Schluss mit den Vorurteilen! Frauen wollen die steile Karriere doch mehr als Männer

Von Alenka Mladina 8. März 2016

Vorurteile gibt es viele: Der deutsche Tourist legt sein Handtuch schon vor dem Frühstück auf den Liegestuhl am Pool, Engländer erkennt man im Urlaub zielgenau am starken Sonnenbrand.
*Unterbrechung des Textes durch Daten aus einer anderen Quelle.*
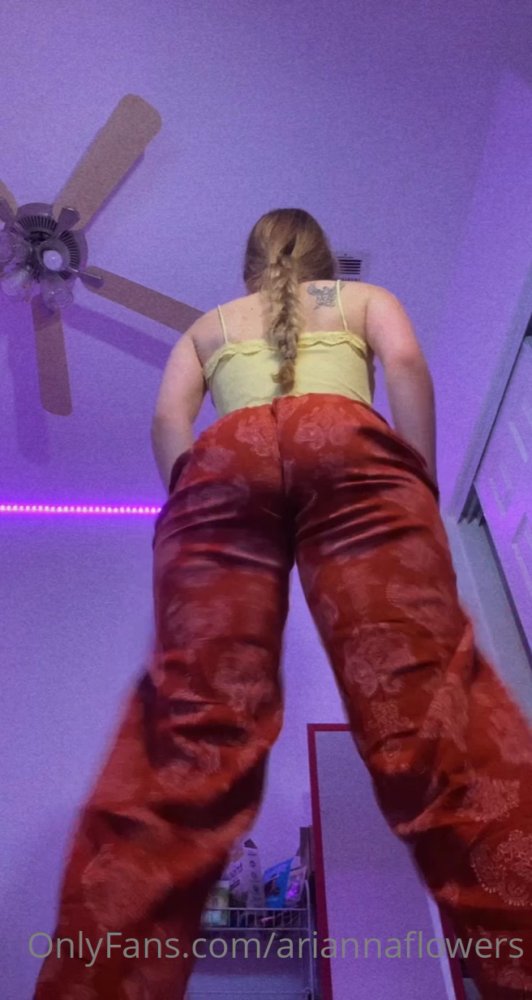Preview image for ariannaflowers - @cutegirlsnetwork on [telegram] 🌌🔥 - azzyman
Doch auch im Berufsleben sind wir nicht vor Klischees gefeit. Männer sind karriereorientiert, Frauen harmoniebedürftig, Männer bessere Verhandlungspartner, Frauen selbstkritischer. Doch was ist dran an den Vorurteilen?

Robert Half hat den Realitäts-Check gemacht und Männer und Frauen in Deutschland, Frankreich und England befragt – und dabei so manches Vorurteil widerlegt.

Vorurteil 1: Frauen sind ihrem Arbeitgeber treuer als Männer

Wer ist dem Arbeitgeber treuer: Männer oder Frauen? Für die kommenden Monate haben wir dazu verlässliche Zahlen. 70 % der Frauen in Deutschland werden „sehr wahrscheinlich“ aktiv auf Jobsuche gehen, bei den Männern ist es weniger als jeder Dritte. Vermutlich lassen sich Frauen dabei von den guten Chancen am Arbeitsmarkt locken: Selten wurden hierzulande Fachkräfte so stark gesucht wie heute. Dieses Vorurteil ist also eindeutig widerlegt!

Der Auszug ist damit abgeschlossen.